I Never Burn: Do I Need Sunscreen?
I Never Burn: Do I Need Sunscreen?

Dr. Justin Piasecki is a foremost skin cancer expert who founded The Skin Cancer Center, and he’s here to share why, even if you never burn, you should be wearing sunscreen.

Do I Need Sunscreen if I Don’t Sunburn?

Just because you aren’t getting a sunburn while in the sun, doesn’t mean your skin isn’t being injured. Sunlight is radiation, and radiation causes cancer. Skin cancer – the most common human cancer of all cancers – is caused by cumulative exposure to UVA and UVB radiation over many years.

This is regardless of sunburns. Sunscreen helps decrease overall exposure, and you should wear it every single day.

A common misconception is that if you put sunscreen on once in the morning, you now possess a “get out of jail free” card and have a license to run around all day without any ill effects. The truth is that sunscreen only blocks out some of the radiation, but not all.

Daily Sunscreen Habits:

Now for the big picture perspective: despite the fact that I treat skin cancer, I don’t recommend that you dive behind a bush every time the sun comes out. Life is best lived active and outdoors.
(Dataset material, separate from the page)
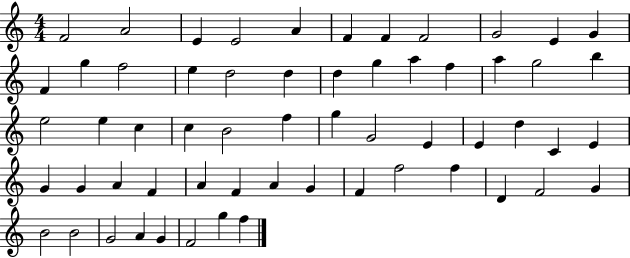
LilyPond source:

That being said, you’ll have more life to enjoy if you don’t get skin cancer, and that means don’t ignore common sense.

You will need to protect your skin from the sun, and the best way to do that is with sunscreen. The best sunscreen on the market is the one you’ll actually put on your skin – there is no scientifically proven best sunscreen, so choose one that is affordable, comfortable, and convenient for your lifestyle.

The criteria to look for in sunscreen are SPF of 30 or greater, and “broad spectrum” protection which indicates coverage of both UVA and UVB radiation.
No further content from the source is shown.